Ils disent, sur la Montagne, que la Vierge et Saint Jean sont venus en bateau depuis Joppé pour rendre visite à Lazare ressuscité qui vivait alors à Chypre. Une tempête avait drossé leur vaisseau vers la Montagne et la Vierge aborda près du site de l’actuel monastère d’Iveron. À cette époque il y avait là un temple dédié à Poséidon mais, lorsque la Mère de Dieu apparut, les idoles tombèrent en morceaux. Elle bénit la Montagne et dit que ce serait là son jardin, elle interdit à toute autre femme d’y poser le pied. Cette injonction a été quasi strictement respectée. Au douzième siècle, des bergers valaques vinrent s’installer dans la partie nord du promontoire, trois cents familles, et des femmes qui se révélèrent fatalement séduisantes pour bien des moines. Quand les bergers furent finalement expulsés, les pères qui avaient fauté furent excommuniés et leur nombre fut tel que la population de la Montagne fondit. On dit qu’à plusieurs reprises l’impératrice Placidia et Maria, la fille du prince serbe George Brankovic, qui avait épousé un sultan, sont venues en visite à l’Athos. Toutes deux furent des bienfaitrices de l’État monastique. Mais à Vatopédiou on affirme que l’icône maintenant connue sous le nom d’Antiphonitia de Placidia s’est adressée à l’impératrice en l’avertissant de ne pas aller plus loin : « Car c’est une autre reine qui règne ici ». On raconte que la reine Maria, au quinzième siècle, a posé le pied sur le rivage à Agios Paulou (Saint-Paul), apportant avec elle l’or, la myrrhe et l’encens que les rois mages avaient offerts à l’enfant Jésus, mais on entendit une voix qui n’était pas de la terre lui interdire de faire un pas de plus, et ce pour la même raison.

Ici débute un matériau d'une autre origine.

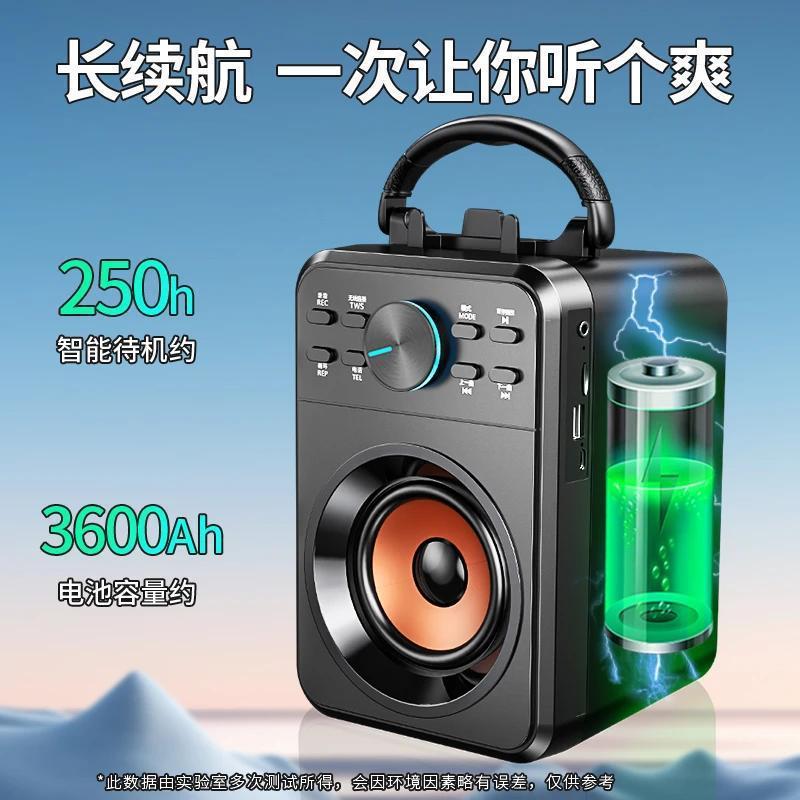 Home Karaoke Bluetooth Speaker Home Professional Microphone Live Singing Universal Satchel Audio Karaoke
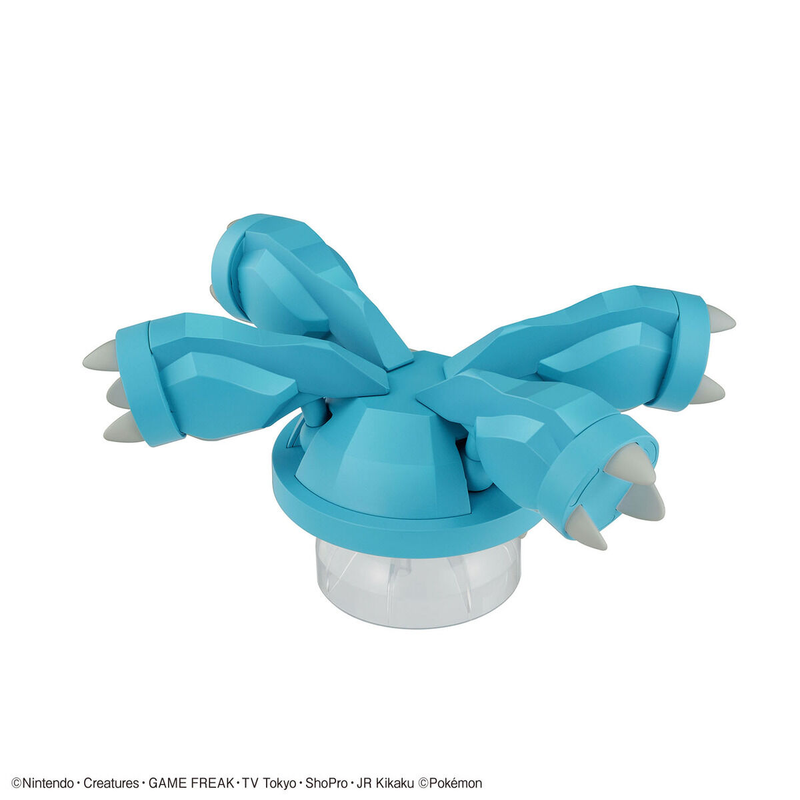 Bandai Pokemon Plamo Collection #53 Metagross (Select Series) Model Kit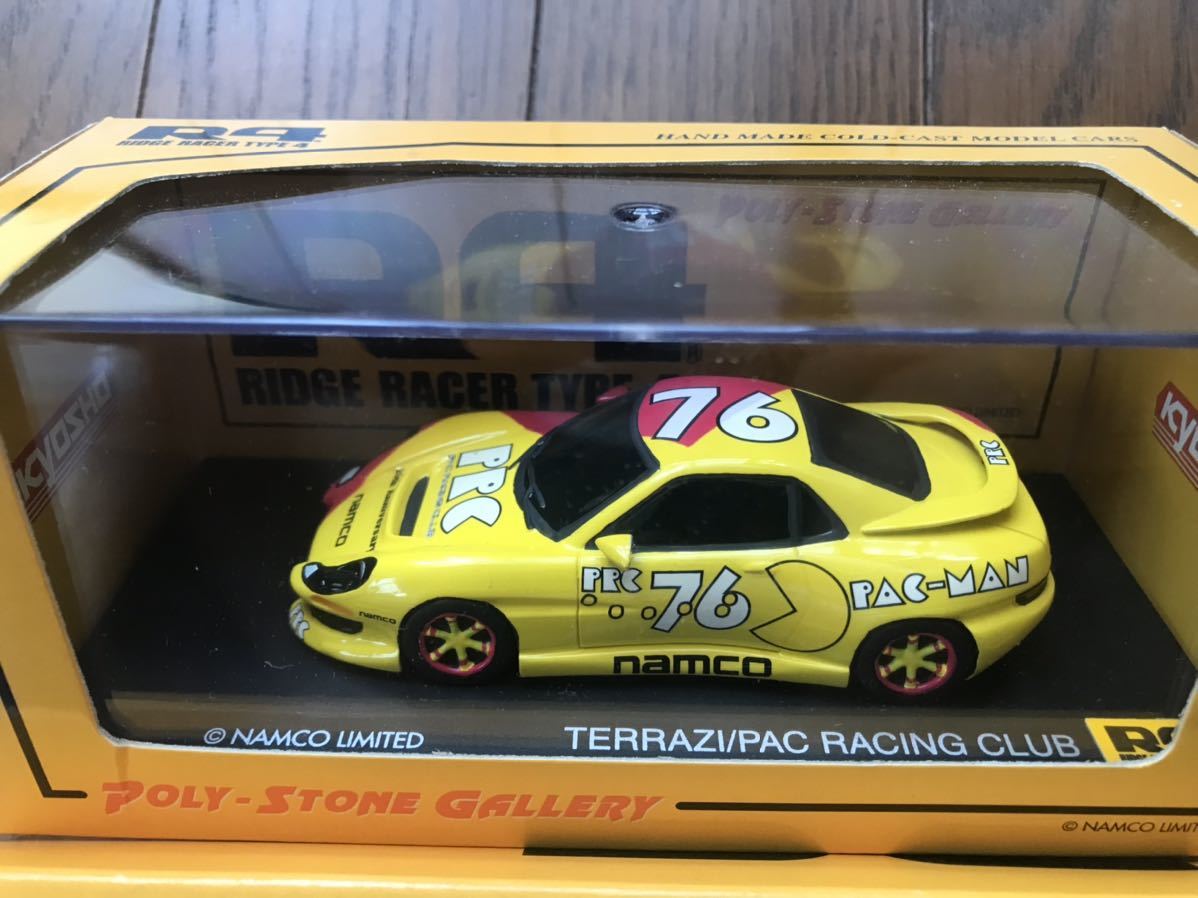 京商 ナムコ ミニカー リッジレーサーR4 京商 ナムコ ミニカー リッジレーサーR4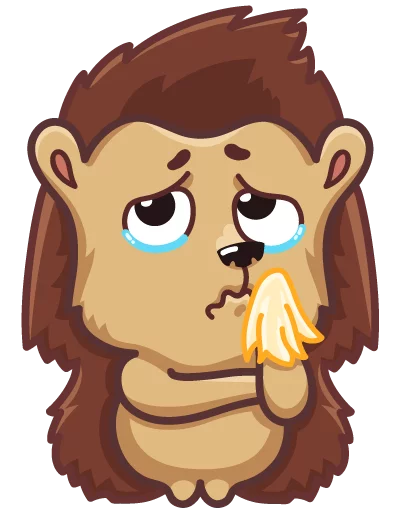 😢 Стикер «Shunya» для Telegram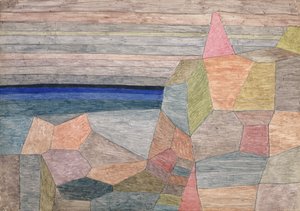 Promontorio Ph. autorstwa Paul Klee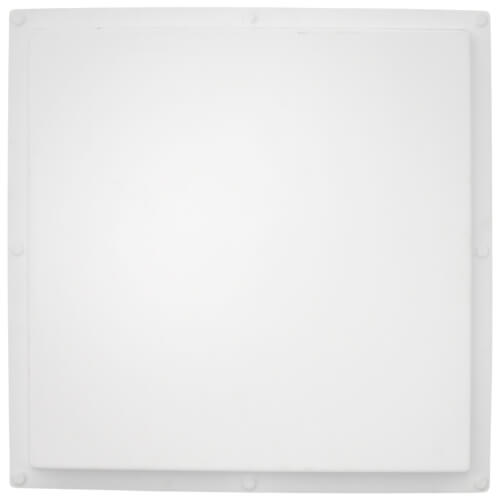 Main product image of 24" x 24" 1 Way Air Deflector Cover, Fits 1" Grid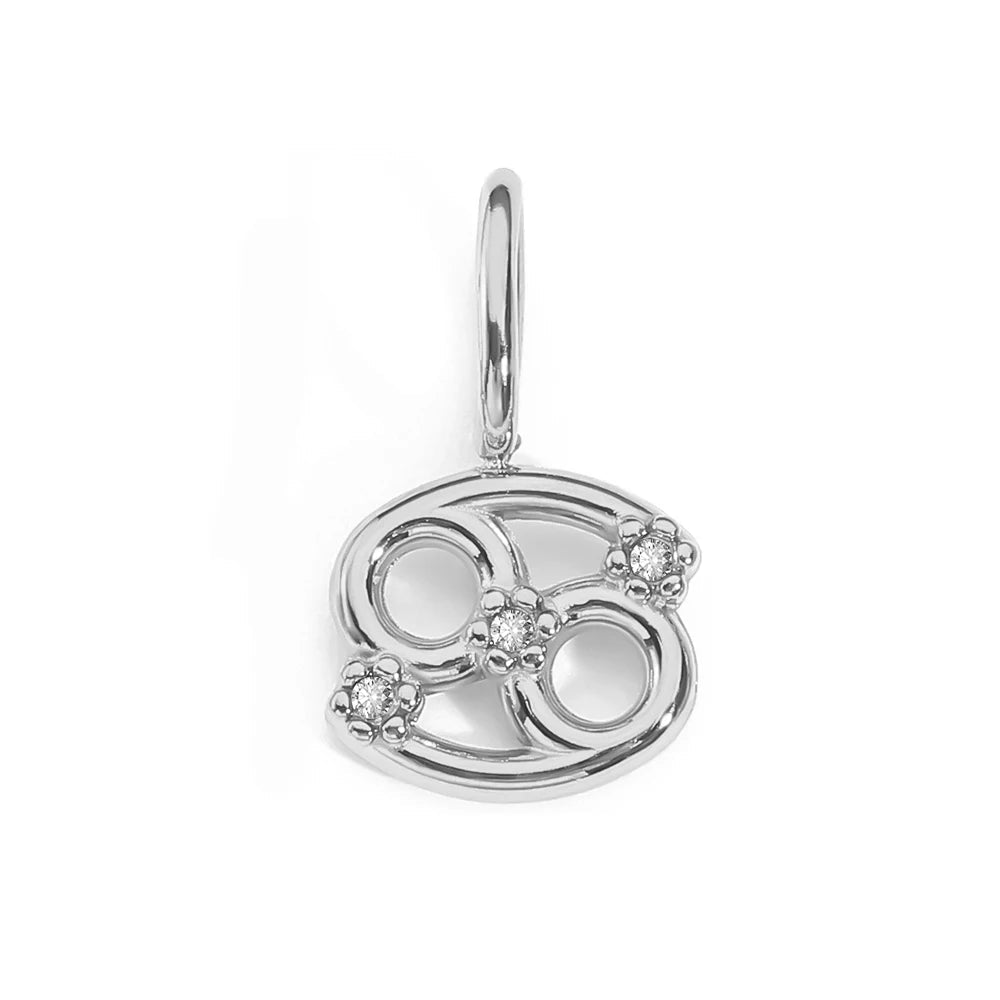 Zodiac Sparkle Charm
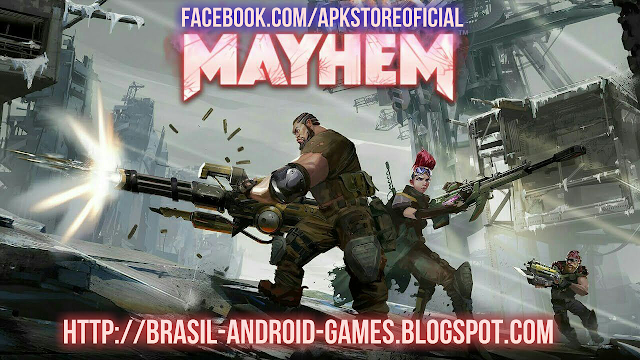  Mayhem - PvP Arena Shooter APK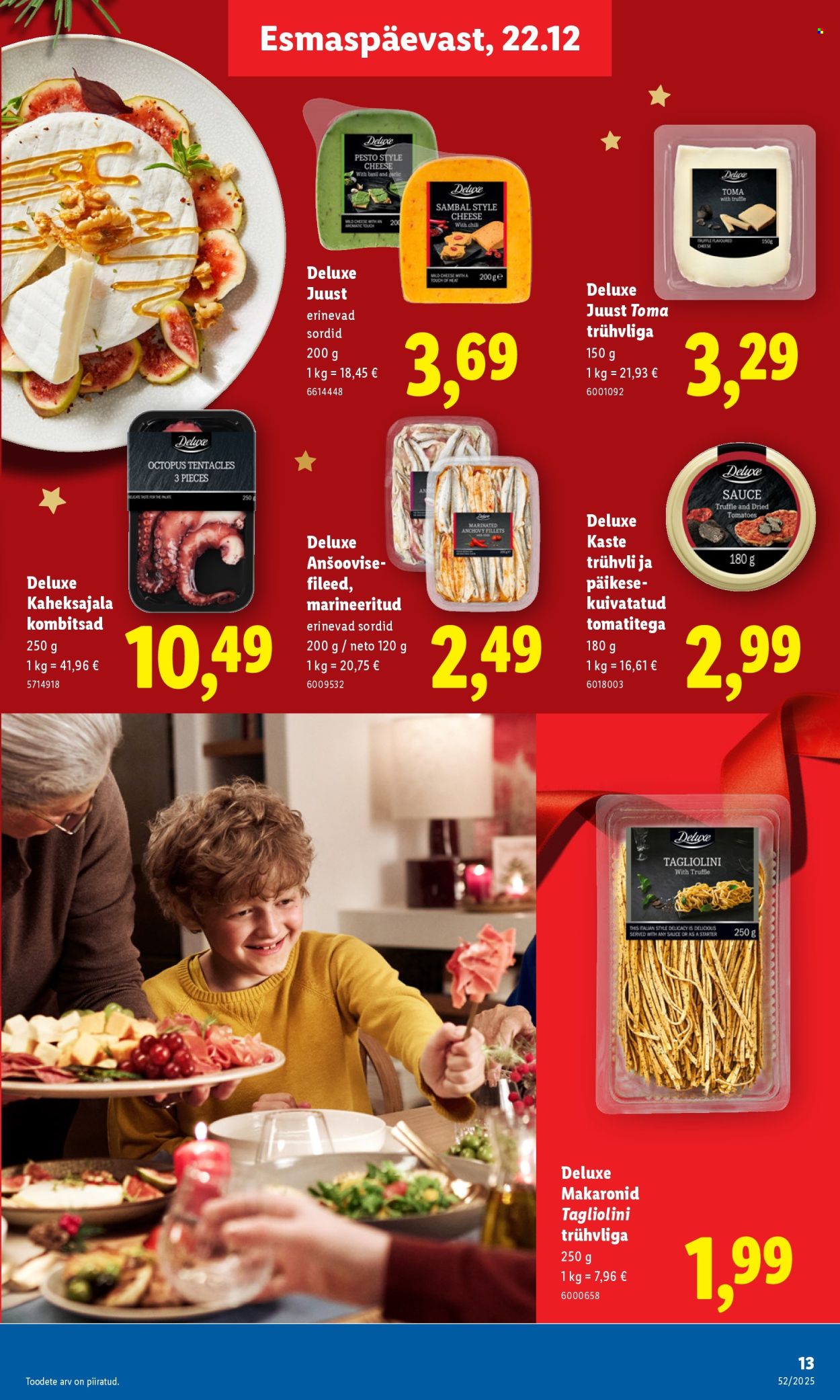 Lidl kliendileht - 22.12.2025 - 28.12.2025. Lehekülg 13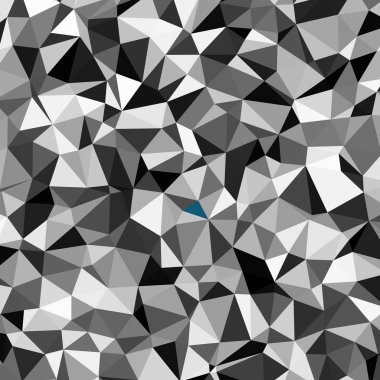 Üçgen poligonal arka plan - eğilim desen.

Des filles des villages situés au nord franchissent le mur à l’occasion pour ramasser des olives ou ramener des chèvres égarées et, en 1948, la guérilla parmi laquelle figuraient vingt-cinq femmes, occupa brièvement Karyès, la capitale. Reste qu’en général ce commandement a non seulement été observé, mais également étendu, pour lui inclure les animaux

domestiques femelles et toutes les « personnes qui ne portent pas la barbe », quoique la règle qui concerne les animaux varie d’un monastère à l’autre — des chats se promènent dans la plupart des maisons et des poules aux alentours de certaines — et, quant à la barbe, la règle, lorsqu’il s’agit de visiteurs, est en pratique simplement comprise comme : « suffisamment âgé pour en laisser pousser une ».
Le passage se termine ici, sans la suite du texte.